→ **WORK ITEM**: Which lines below fall between the one containing "J.Crew Paisley Button" and the one containing "Silicone Vinyl Girl"? Repeat them exactly, counting both of those lines, and add nothing else.

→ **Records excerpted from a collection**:
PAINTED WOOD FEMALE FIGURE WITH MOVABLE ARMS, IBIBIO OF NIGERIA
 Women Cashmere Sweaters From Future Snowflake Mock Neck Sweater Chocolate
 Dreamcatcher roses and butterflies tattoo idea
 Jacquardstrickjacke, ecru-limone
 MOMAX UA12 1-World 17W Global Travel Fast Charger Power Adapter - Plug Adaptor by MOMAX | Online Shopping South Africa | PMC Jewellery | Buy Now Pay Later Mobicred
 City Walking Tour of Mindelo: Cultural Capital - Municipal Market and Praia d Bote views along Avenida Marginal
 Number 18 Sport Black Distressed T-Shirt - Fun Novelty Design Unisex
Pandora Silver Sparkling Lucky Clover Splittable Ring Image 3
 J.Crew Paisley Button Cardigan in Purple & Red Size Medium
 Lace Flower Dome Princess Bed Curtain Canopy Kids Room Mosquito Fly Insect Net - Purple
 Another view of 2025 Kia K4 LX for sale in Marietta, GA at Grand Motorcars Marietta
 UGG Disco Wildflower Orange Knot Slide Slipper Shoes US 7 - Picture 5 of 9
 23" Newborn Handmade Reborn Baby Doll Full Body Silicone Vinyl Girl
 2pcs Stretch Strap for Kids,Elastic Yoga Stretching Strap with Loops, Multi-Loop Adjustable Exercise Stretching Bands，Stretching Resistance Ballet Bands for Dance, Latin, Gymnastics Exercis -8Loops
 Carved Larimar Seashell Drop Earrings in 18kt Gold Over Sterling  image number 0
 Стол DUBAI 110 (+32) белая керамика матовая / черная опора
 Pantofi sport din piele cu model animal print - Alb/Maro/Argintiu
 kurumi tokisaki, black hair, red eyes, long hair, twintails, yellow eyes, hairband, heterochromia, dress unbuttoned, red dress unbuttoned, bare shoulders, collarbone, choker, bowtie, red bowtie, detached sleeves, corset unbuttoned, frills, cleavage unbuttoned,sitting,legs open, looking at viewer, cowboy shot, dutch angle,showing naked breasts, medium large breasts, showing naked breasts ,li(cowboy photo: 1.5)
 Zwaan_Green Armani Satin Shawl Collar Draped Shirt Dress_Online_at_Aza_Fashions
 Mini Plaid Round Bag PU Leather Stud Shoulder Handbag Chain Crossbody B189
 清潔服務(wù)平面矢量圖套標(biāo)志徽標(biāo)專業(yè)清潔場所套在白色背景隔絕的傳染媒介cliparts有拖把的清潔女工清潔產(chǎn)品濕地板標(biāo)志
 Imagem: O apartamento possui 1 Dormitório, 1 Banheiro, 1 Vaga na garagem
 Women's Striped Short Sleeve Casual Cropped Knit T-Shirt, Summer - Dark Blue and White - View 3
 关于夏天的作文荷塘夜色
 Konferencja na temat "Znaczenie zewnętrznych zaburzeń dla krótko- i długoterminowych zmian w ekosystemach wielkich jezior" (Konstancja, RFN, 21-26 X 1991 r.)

→ **RESPONSE AREA**:
 J.Crew Paisley Button Cardigan in Purple & Red Size Medium
 Lace Flower Dome Princess Bed Curtain Canopy Kids Room Mosquito Fly Insect Net - Purple
 Another view of 2025 Kia K4 LX for sale in Marietta, GA at Grand Motorcars Marietta
 UGG Disco Wildflower Orange Knot Slide Slipper Shoes US 7 - Picture 5 of 9
 23" Newborn Handmade Reborn Baby Doll Full Body Silicone Vinyl Girl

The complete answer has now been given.